In my personal experience a lot of the people involved in Facebook Russian influence operations are post Soviet exodus diaspora boomers. They share the content produced by the troll farms.

lurk2 2 hours ago | parent [-]

Interesting. The extent of Russian influence I noticed peaked in the Spring of 2016. Lots of self-professed fascists were converting to East Orthodox Christianity and subscribing to the idea that Russia, Iran, North Korea, and China formed some of the last governments on earth not controlled by a Rothschild-owned central bank.

I know of a few defectors who ended up there; one was an American that went by the name of “Texas,” while another one was a Canadian who moved there to be a farmer in hopes of protecting his family from what he saw as degenerate values being propagated by the Canadian education system. Texas was supposedly murdered by Russian soldiers while operating with Kremlin-aligned militias in the Donbas region. The Canadian is still living in Russia and has a YouTube channel.

I suspected a regular rotation of Kremlin agents were on /pol/ during the Syrian Civil War. Russian sentiment was generally far more positive prior to the invasion.
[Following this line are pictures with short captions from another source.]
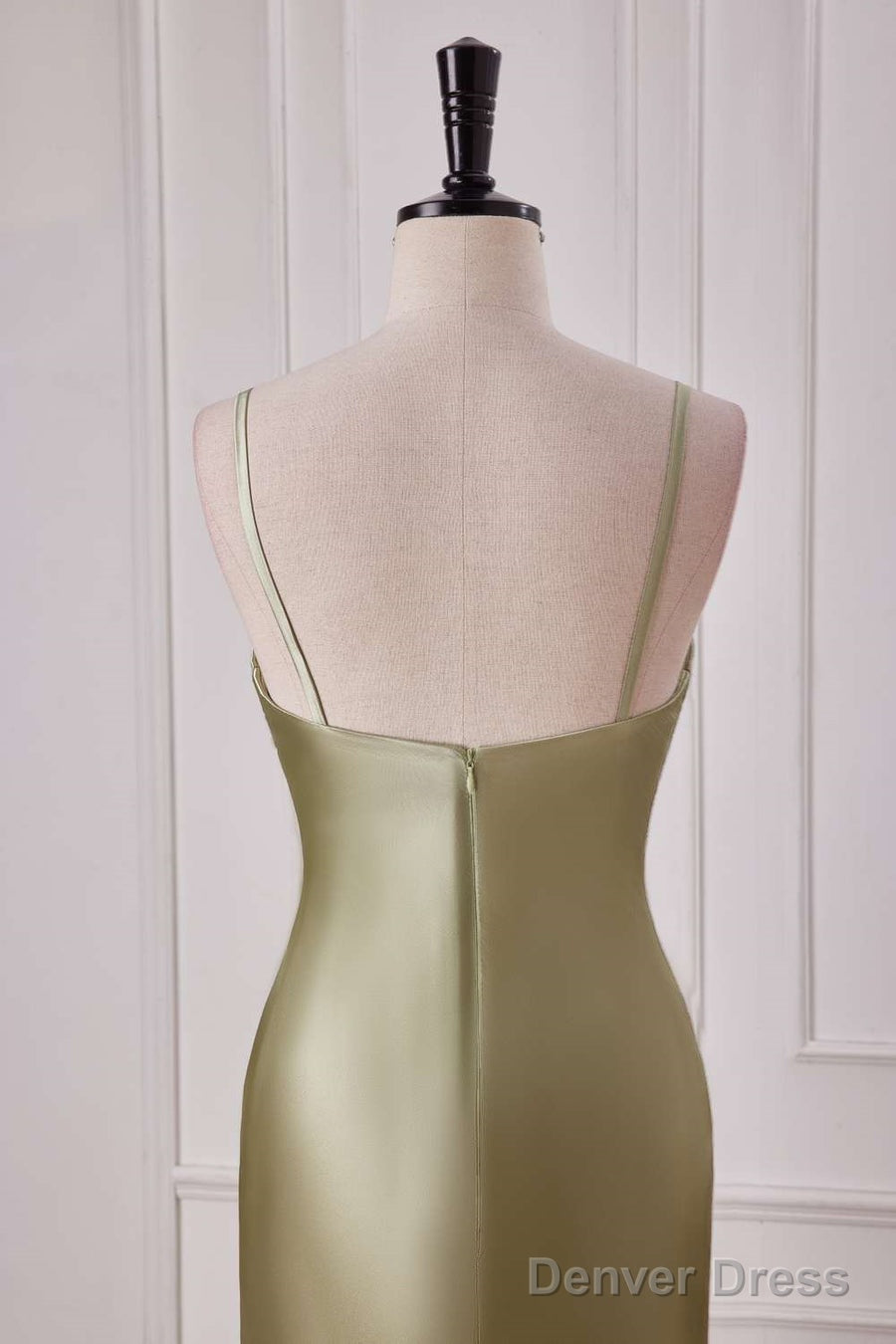 Straps Sage Empire Waist Pleated Satin Maxi Dress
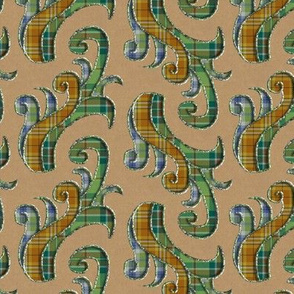 Plaid Fern Scrolls with 3D illusion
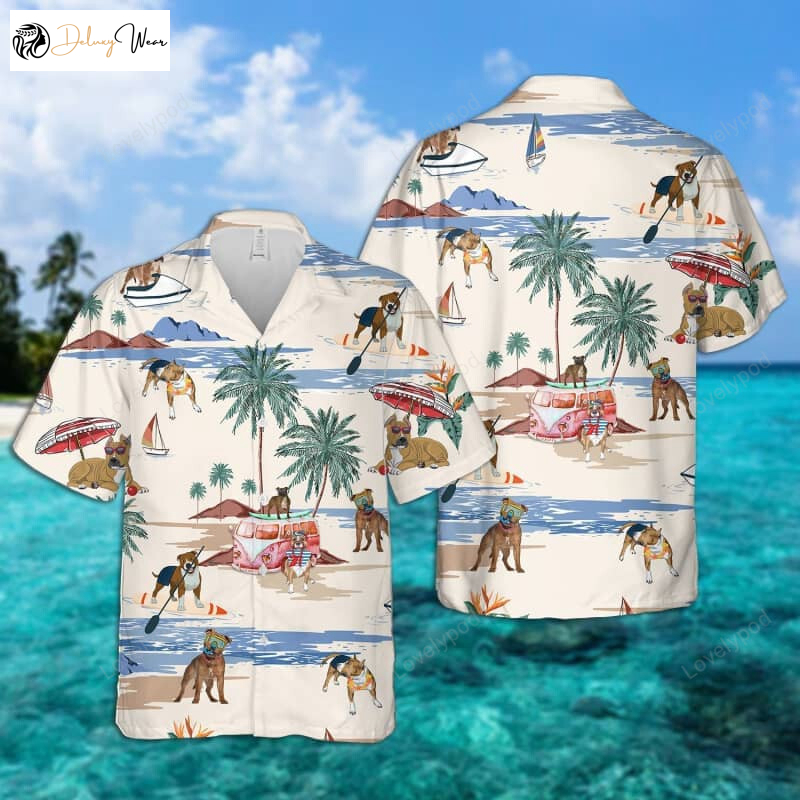 Stylish Staffordshire Bull Terrier Summer Beach Hawaiian Shirt Gift for Men Women Fans – Dog Beach Short Sleeve Attire
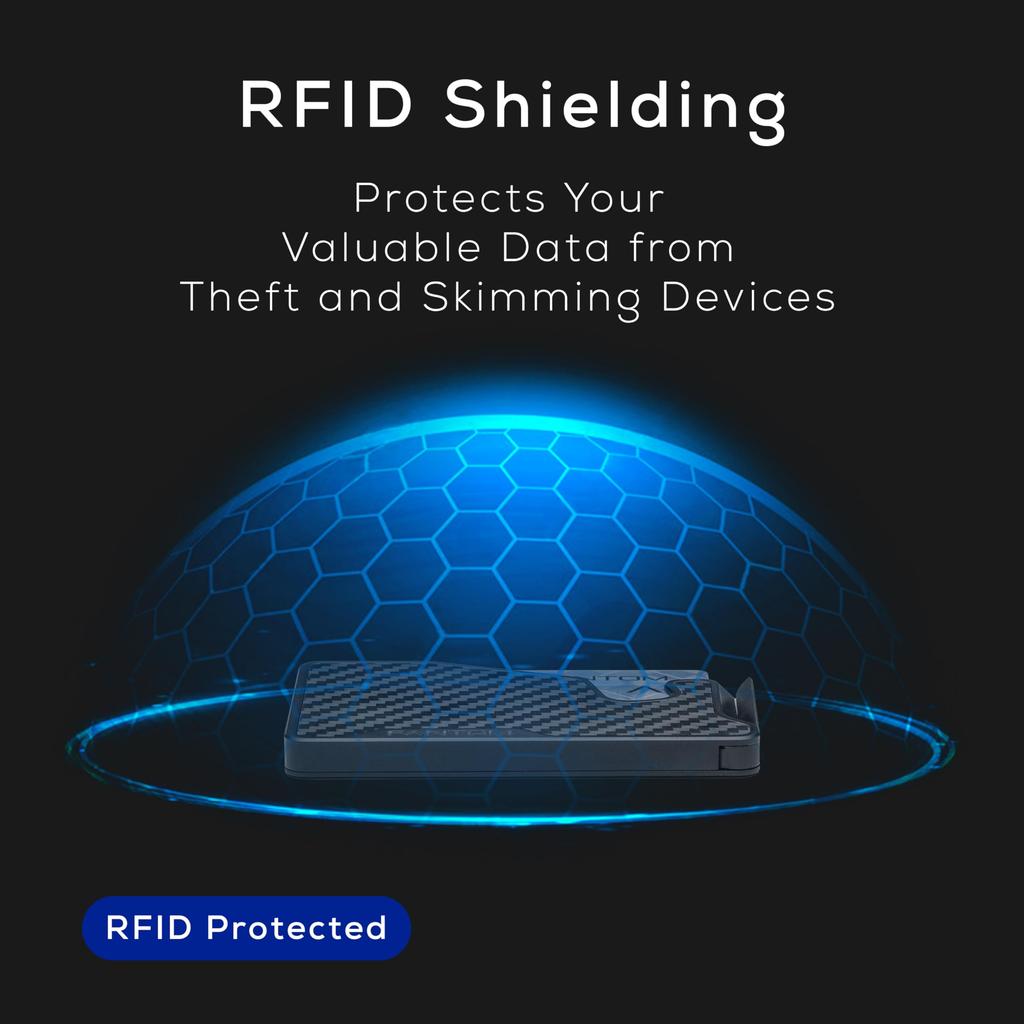 Carteira FANTOM X para leque de cartões, Porta-cartões de alumínio RFID, Fibra de carbono, Extra fina, Capacidade para 4-7 cartões, Carteira minimalista de alumínio para leque de cartões, Fantom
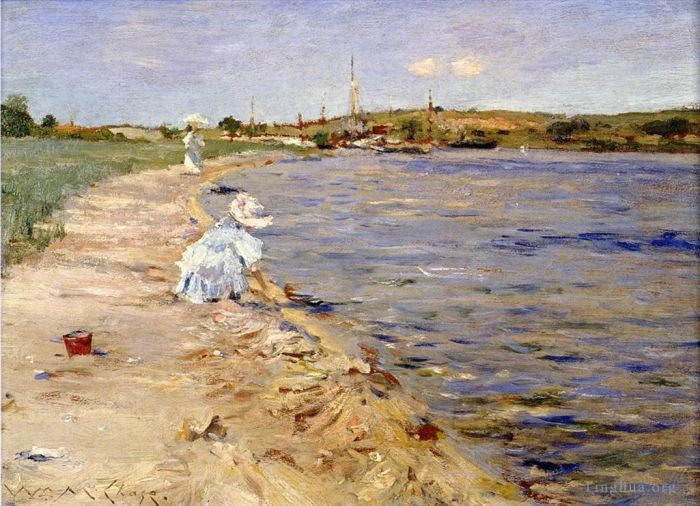 威廉·梅里特·切斯 的油画作品 -  《独木舟广场的海滩场景早晨》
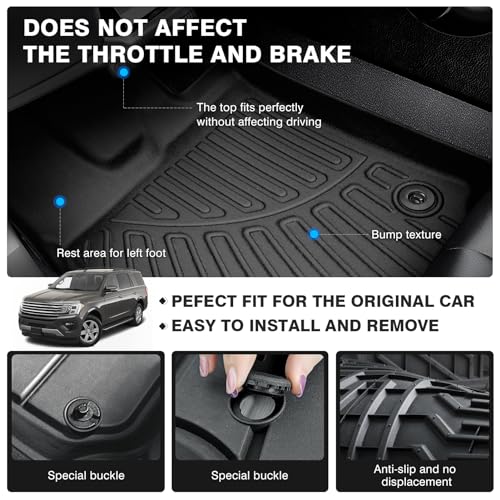Floor Mats for 2018-2024 Ford Expedition (Fit for 2nd Row Bench Seat/ 8 Seaters) Accessories All Weather Floor Liner 3D TPE 1st & 2nd Row Floor Mat Heavy-Duty Floor Liners - size: 3)Ford Expedition Bench Seat｜18-24｜1st to 3rd Row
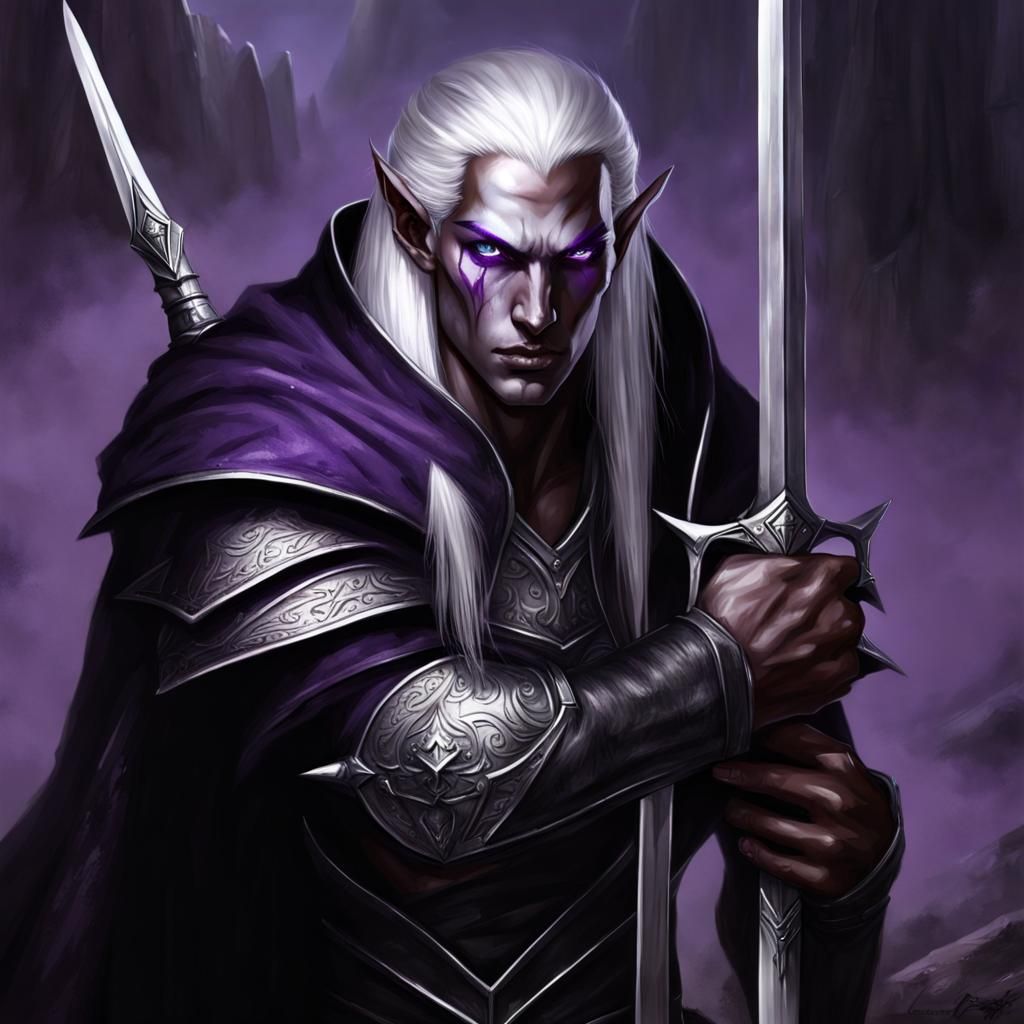 Photorealistic Dark Elf Warrior with Curved Sword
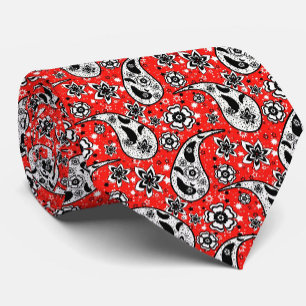Rode Bloemen Paisley Patroon Ontwerp Stropdas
It’s possible this was all organic and just collapsed as people saw what they did to Ukraine; I really have no idea.

Frog Twitter for their part pivoted on Russia quite quickly in the early 2020s, around the time Thiel was buying out podcasts.

throwaway48476 an hour ago | parent [-]

Moving to Russia is an extreme outlier. These people exist but there's only a dozen or so. Numbers are not much different than the late Soviet era. In the 1920s thousands of Americans moved to Russia to build communism. Many also came back disillusioned, or died in a gulag.

On the other hand there's hundreds of thousands of diaspora Russians, and they're very pro russian. Richard Spencer's ex wife is a good example of this. Overall this is a much bigger impact than the dozen converts or a few thousand half hearted Harper's.

Obviously before the war Russia was less publicly objectionable. In Syria everyone just hated ISIS.

The /pol/ effect is nostalgia for worlds that no longer exist and we're not personally experienced. It's political flavored nostalgia instead of Pokémon collecting.